Hitler holt zum Gegenschlag aus
Während in Berlin das Unternehmen "Walküre" in sich zusammenzufallen droht, bereiten die Überlebenden in der Wolfsschanze den Gegenschlag vor. Innerhalb weniger Stunden werden Truppen in Berlin mobilisiert, die den Umsturzversuch niederschlagen sollen.
Die Widerständler sind schnell ausgemacht. Gegen 23 Uhr wird der Gebäudekomplex Bendlerblock, wo sich das Heeresamt befand und das Attentat geplant wurde, von Hitlers Truppen besetzt. Kurz nach Mitternacht werden von Stauffenberg und weitere "Verschwörer" im Hof standrechtlich erschossen.

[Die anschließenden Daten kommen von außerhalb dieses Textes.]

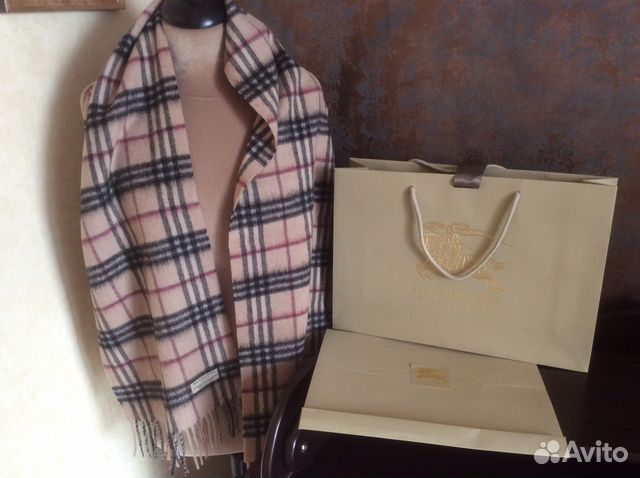 Новый шарф Burberry оригинал Новый шарф Burberry оригинал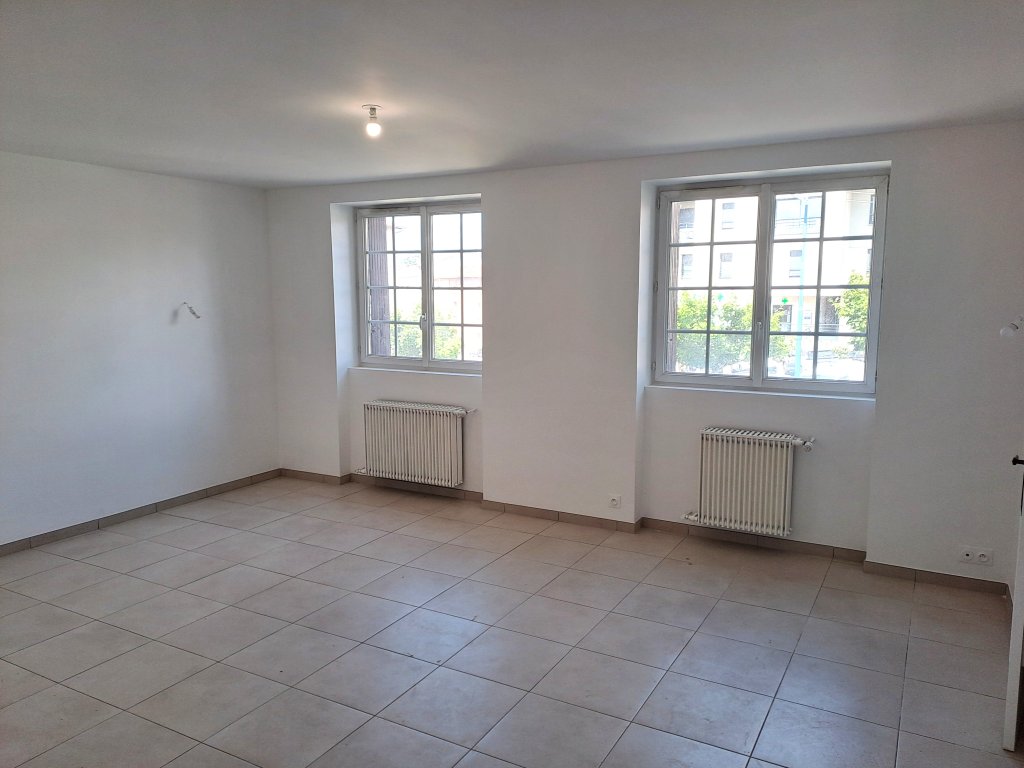 LOCATION - Maison/villa - CHAZELLES SUR LYON (42140) - 795 €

Tausende vermeintliche Mitwisser und Regimegegner werden in den Wochen und Monaten nach dem Attentat verhaftet, Hunderte von ihnen hingerichtet oder in den Selbstmord getrieben.
Damals Verräter, heute Helden
Bis zum Untergang des Dritten Reiches bemüht sich die NS-Propaganda, die Attentäter des 20. Juli 1944 als Volksverräter zu brandmarken - mit Erfolg. Denn selbst nach der Befreiung Deutschlands durch die Alliierten bleibt das Bild von Claus Schenk Graf von Stauffenberg und seinen Mitstreitern ein negatives. Öffentliche Gedenkveranstaltungen sind selten. Bis weit in die 1950er Jahre hinein lehnt eine große Mehrheit der Westdeutschen es ab, Straßen oder Schulen nach den Widerständlern zu benennen.
Und auch in der DDR werden sie nicht etwa als antifaschistische Freiheitskämpfer gefeiert. Schließlich waren viele der "Verschwörer" jahrelang glühende Anhänger Hitlers gewesen. Es sei vor allem der kommunistische Widerstand und die mächtige Rote Armee des großen sowjetischen Bruders gewesen, die Nazideutschland in die Knie gezwungen hätten, meinte man in Ostberlin.
Im Westen setzt ab den 1960er Jahren ein Umdenken ein. In zahlreichen Gedenkfeiern wird seitdem neben anderen Widerständlern auch von Stauffenberg und seinen Mitstreitern gedacht. Eine dieser Veranstaltungen soll die Ermordeten besonders ehren: Seit 20 Jahren legen Rekruten der Bundeswehr im Innenhof des Bendlerblocks, dem Ort an dem unter anderem von Stauffenberg erschossen wurde, ihr Gelöbnis ab - immer am 20. Juli.